Repayment Modeling Lab
- Enter the total Loan Amount (Principal) you wish to borrow.
- Input the Annual Interest Rate (%) offered by the lender.
- Set the Loan Tenure in years.
- Observe the Repayment Capital Mix visual showing the ratio of principal vs interest.
- View your Monthly EMI, Total Interest, and Total Payment results.
- Toggle the Amortization Milestones to see your projected balance at the end of each year.
- Click Copy EMI Report to save the quote for your banking comparisons.

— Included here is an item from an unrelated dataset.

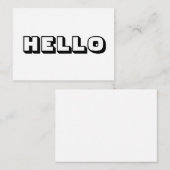 こんにちは、はっきりした白黒カーモダンド アドバイスカード (正面/裏面)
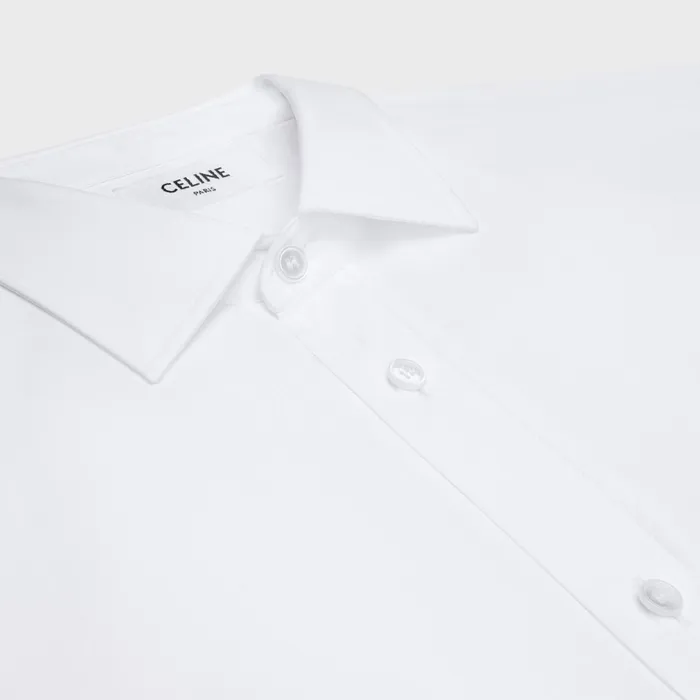 Loose Carnaby Shirt In Cotton Poplin White Men CELINE SHIRTS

Frequently Asked Questions
What is an EMI?
EMI stands for Equated Monthly Installment. It is a fixed payment amount made by a borrower to a lender at a specified date each calendar month. EMIs are used to pay off both interest and principal each month so that over a specified number of years, the loan is paid off in full.
How is EMI calculated?
EMI is calculated using a standard formula: [P x R x (1+R)^N]/[(1+R)^N-1], where P is the Principal loan amount, R is the monthly interest rate, and N is the monthly loan tenure.
Does a longer tenure reduce the interest paid?
No. While a longer tenure reduces your monthly EMI amount, it significantly increases the total interest you pay over the life of the loan. Shorter tenures are always cheaper in terms of total cost.
Can I use this for Home Loans and Car Loans?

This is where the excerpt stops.